Friday, March 16, 2007

vagueness

So I kinda had a brain dump in ideas this morning as I was sitting on the couch talking to God. It was one of those times where there was a constant stream of "I wonder if..." thoughts started flowing, and before I could really start processing that idea, the next was coming. So I threw em down on a sticky note to remember... and then left the sticky note in the car somewhere. So I'm running off memory now...

Discussing Rob Bell's new book Sex God last night with some friends left the impression that he was too vague on certain key points. Was he watering down truth to appeal to a seeker sensitive crowd? Was he trying to provide a first step to get people thinking about those points that they maybe had never considered before? What was his agenda?

After visiting Mars Hill in January (Isn't She Beautiful conference) I don't doubt his motives are pure. He has a high opinion of the Bible and truly wants to find out what Jesus was trying to say. And then the goal is to wrap your life around those ideas- not wrap the Bible around the ideas we already have.

And I think that is where the vagueness comes in. It's actually a trademark of the whole postmodern/emergent/deconstruction approach. The goal is not so much to instruct. The goal is to ask questions.

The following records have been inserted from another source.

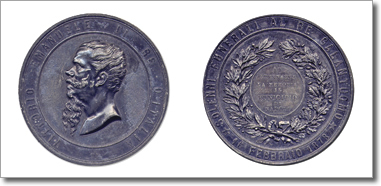 medaglia con profilo del re e rami di alloro e quercia annodati
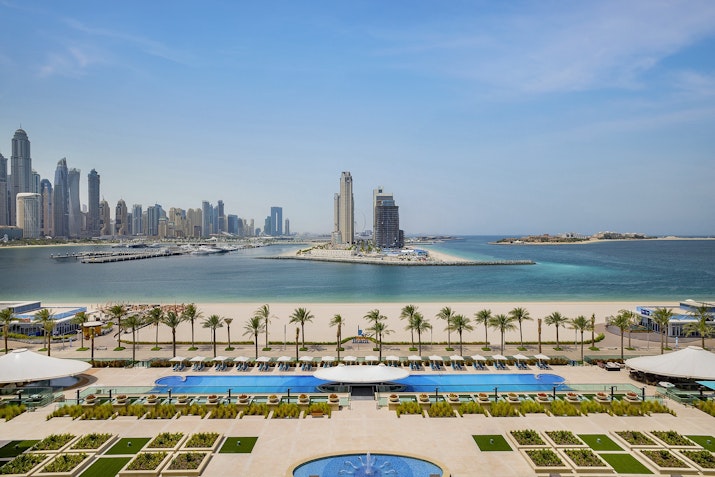 Hilton Dubai Palm Jumeirah A stunning view of the beach, pools, and palm trees with a city skyline in the background.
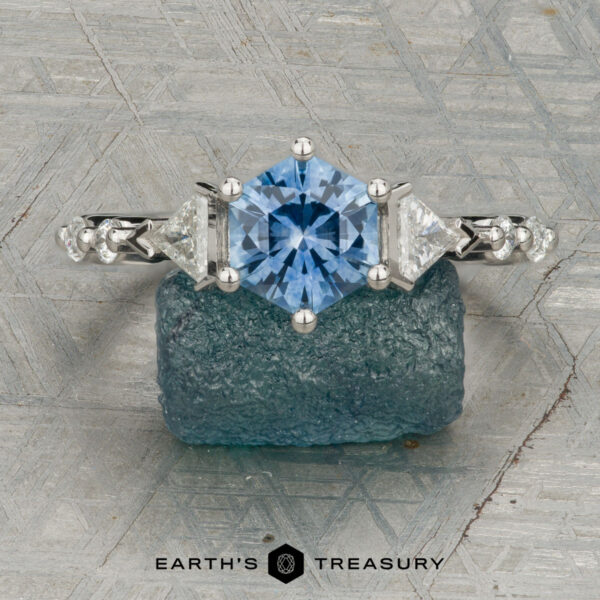 The "Morrigan" ring in platinum with 1.64-carat Montana sapphire The "Morrigan" ring in platinum, featuring a 1.64-carat Montana sapphire and two clear side stones, is shown upright on a rough blue-green mineral, with the "Earth's Treasury" logo beneath.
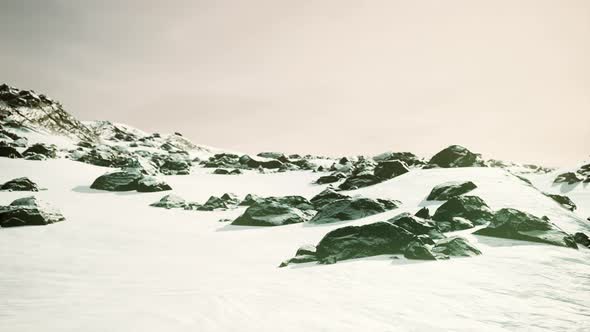 Snowy Mountains and Dark Rocks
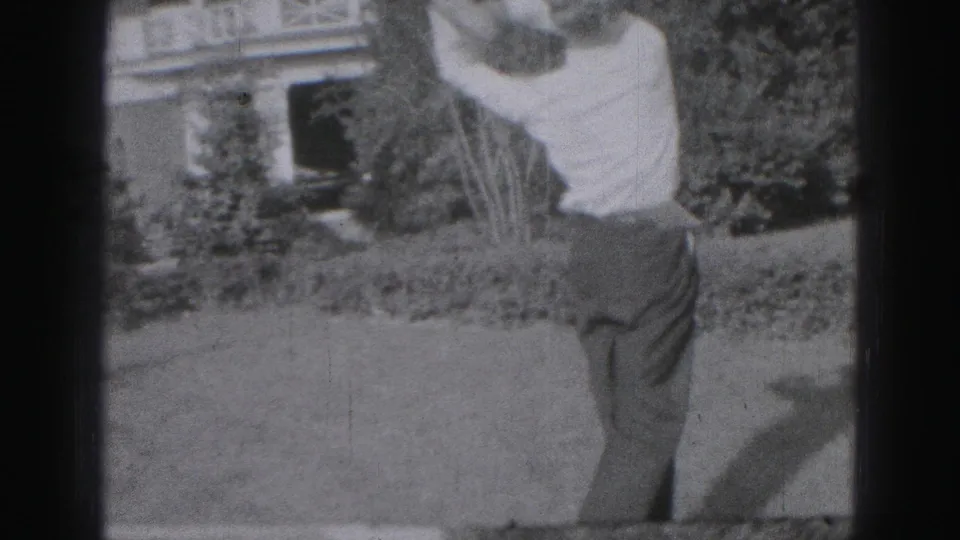 The closing frame shows the man finishing his swing in the Harrisburg yard, with sunlight, lawn, shrubs, and house details visible.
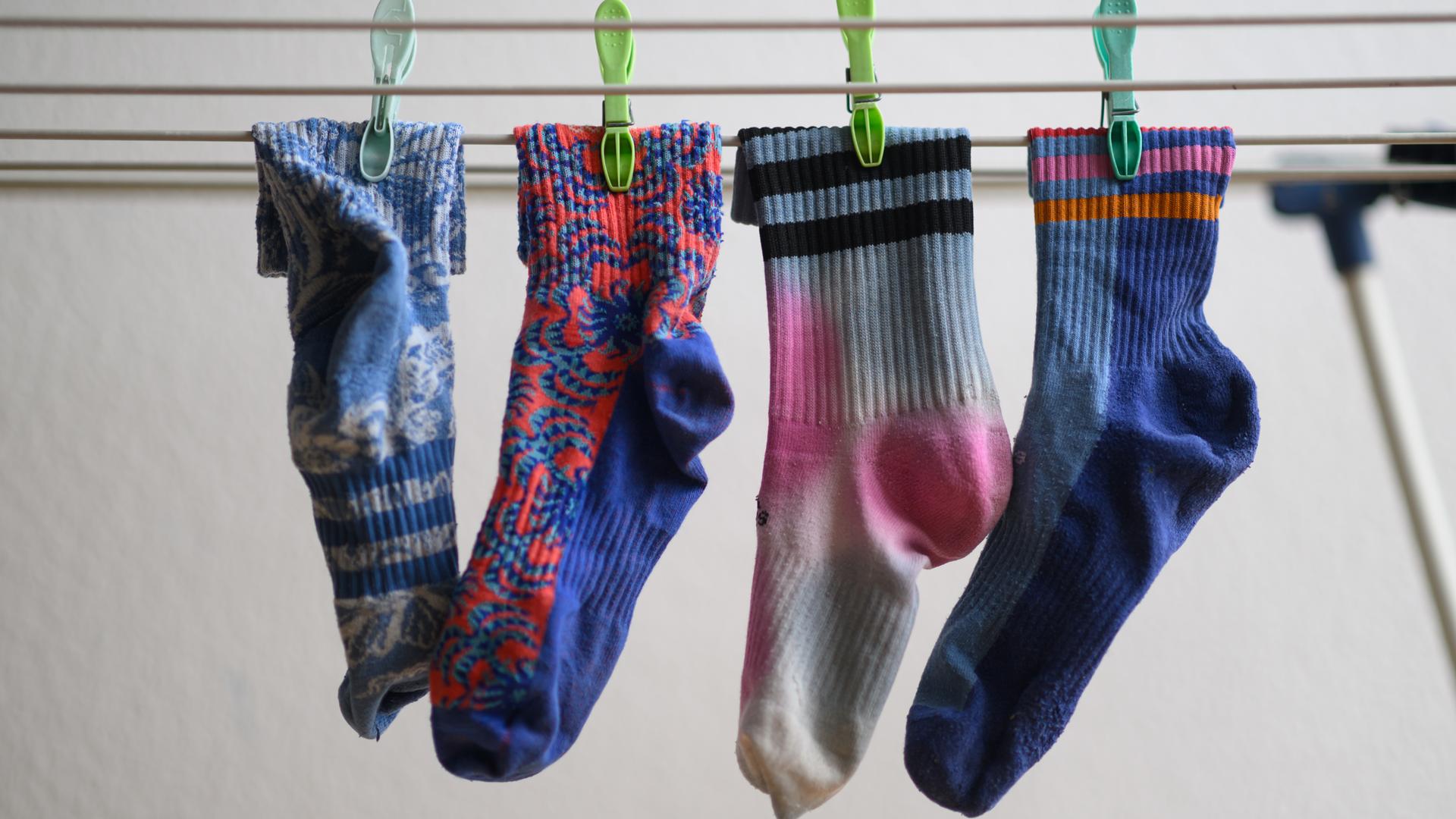 Bunte Socken hängen an einem Wäscheständer.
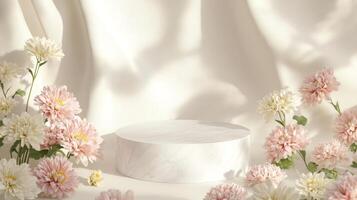 Soft pastel flowers in shades of pink and white encircle a smooth marble pedestal, illuminated by gentle light against a cream backdrop. The composition creates a serene and elegant atmosphere. photo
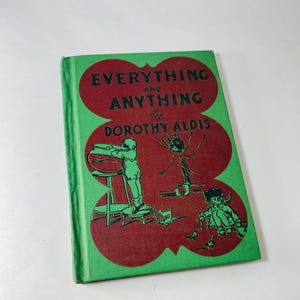 May include: A vintage hardcover book titled "Everything and Anything" by Dorothy Aldis. The cover has a green border and a red central design. The red design features illustrations of children and a spider. The book's title is in large, bold letters.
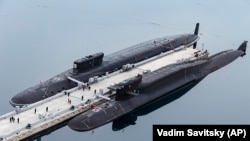 FILE - In this photo, Russian nuclear submarines are harbored at a Russian naval base in Gazhiyevo, Kola Peninsula, Russia, on April 13, 2021.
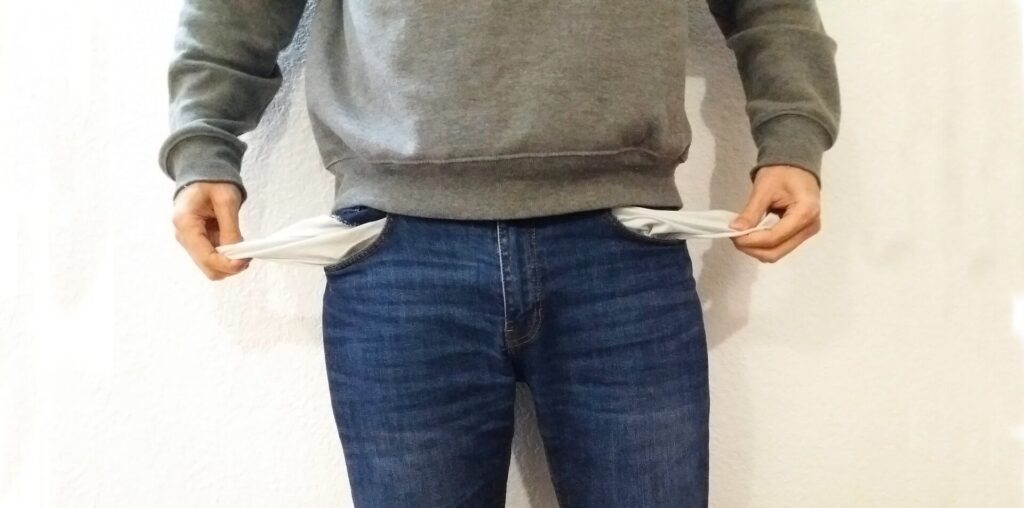 nome sujo - foto de um homem branco, vestido uma suéter cinza e uma calsa jeans, puxando os fundos dos bolsos vazios para fora.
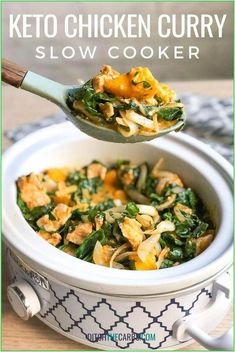 a close up of a spoon in a slow cooker filled with chicken and spinach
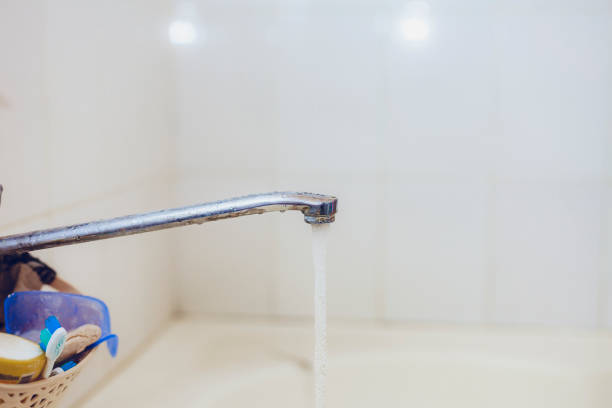 Bathroom. Open bath water tap with running water. water tap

So when Rob Bell is discussing an idea or passage, he presents what the ideas might have meant considering who said it, who they said it to, and what was going on in their world (to the best of our knowledge). And then he stops. He purposefully leaves it vague. He wants the tension. He wants you to ask "So what does this mean?". The interpretation is up to you. Is this dangerous? Of course. People are rather creative, and you never know what wacky idea someone could come up with. But is it any more dangerous than telling someone what to think? Is it less?

There is always danger when people start to think. But there is probably more danger when they don't. If you are really serious about this topic, you will wrestle with it, study it, think about it, and let God speak to you. You won't get an easy answer, but some things don't have easy answers. Sometimes you have to work out your faith with fear and trembling.